In 1970, with the High Holidays approaching, Barton’s Continental Chocolate Shop commissioned my father, James Grashow, to illustrate an advertisement in The New York Times. He made a beautiful woodcut, “Abraham, the First Jew,” along with 100 prints, signed and numbered.
A Swedish art dealer saw the newspaper ad, loved the work, and found his way to my parents’ New York apartment. He offered to sell the prints in Europe and send my father the money. My parents agreed and put aside one print for themselves.
As the dealer was walking out, my father told him how much he admired his keychain, which had a little foldout scissors on it. The dealer gave it to him.
My parents never heard from him again.
“We were very naïve and young,” my mother recalls. “We were very trusting.”
My father went on to have a successful career. His prints have appeared regularly in The New York Times and in just about every major periodical in the country. He created the poster for the centennial celebration of the Statue of Liberty and album covers for Jethro Tull and The Yardbirds. His sculptures range from large, environmental installations to small, contained worlds. A documentary film about his work called The Cardboard Bernini aired in 2012 on PBS and is now available on Netflix.

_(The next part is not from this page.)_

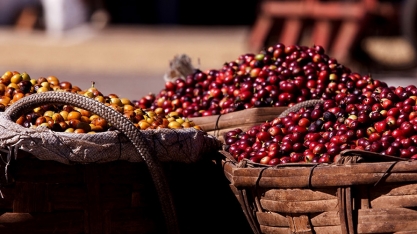 Produção de café do Brasil em 2018 somou recorde de 63,7 mi sacas
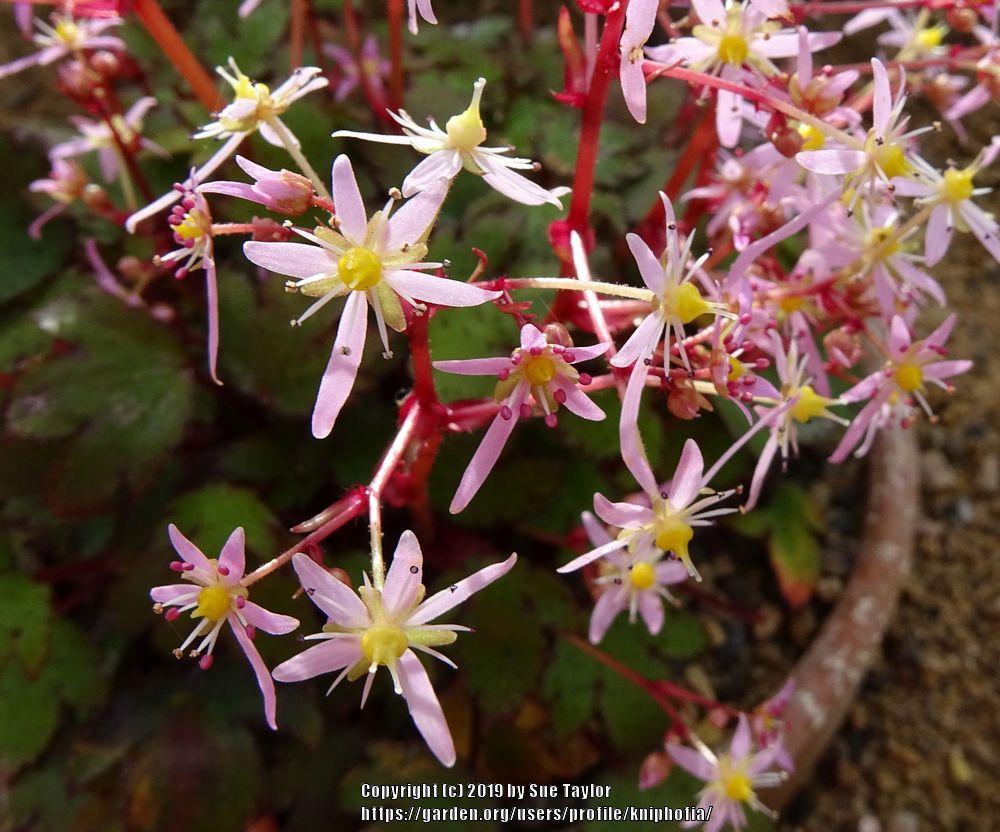 Photo of Saxifrage (Saxifraga fortunei 'Pink Mist') uploaded by kniphofia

When I became a rabbi, my parents thought it appropriate that the “Abraham, the First Jew” be on the wall of my study. Whenever he would visit and see the print, he would always wonder what happened to the rest of the edition.
Then, on July 12, 2017, my father received the following email:
My father… passed away a couple of years ago. Now my mother also passed and we found a series of “Abraham” when cleaning out their estate. It’s a series of 100, and we’ve got lots of them. We are three siblings that live in Sweden, Norway and California. We would love to have your input, and look forward to hearing from
Stunned, my parents responded immediately:
Hello and thank you for reaching out. This answers a mystery that started 47 years ago. [Your father] visited us in Manhattan and looked at prints. He ultimately wanted the edition of Abraham, promising distribution and payment. We remember distinctly [he] left with the prints and handed me a keychain with a foldout scissors. We never heard from him again.
We were very naive at the time and often laughed at how foolish we were at the time to let so much go for what turned out to be only a keychain… I would personally love to have some of the Abraham prints because your father had all of them.
The art dealer’s children – Catherine, Christer, and Charlotte – said that their father had become a minister after being in the art business for only about three years in the early 1970s. They loved the print, which hung over the mantle of their childhood home. When they discovered the prints among their deceased father’s belongings, they researched the artist on the Internet, saw the extent of his work, and wanted to find out what they might be worth.
After learning the truth, the siblings wanted to atone for their father’s wrongdoing. They decided to return the prints, and they wanted to do it in person.
Stepping off the train in Connecticut, carrying a big, battered suitcase, they greeted my father with smiles and big hugs. Inside his studio, they opened the suitcase. It contained the original cardboard box, wrapped in a quilt. Upon seeing the 87 prints in the box, my mother burst into tears. It was a moment of true, redemptive t’shuvah – a literal “return.”
Afterwards, the siblings and my parents shared a toast over champagne and during lunch they kept repeating that they didn’t understand their fathers’ action, but wanted to make it right. At the end of a wonderful afternoon, my father drove them back to the train.
The next morning, my parents received an email from the siblings:
This day will stay in our memories for all our lives, and we’re so happy that we were able to correct one of our father’s mistakes. We’re so thankful.
We never thought we would see these prints again. In the belief that they were returned for a special reason, our family wanted the prints of “Abraham, the First Jew” to find homes in synagogues and in clergy studies. We have distributed the prints throughout the country to be enjoyed.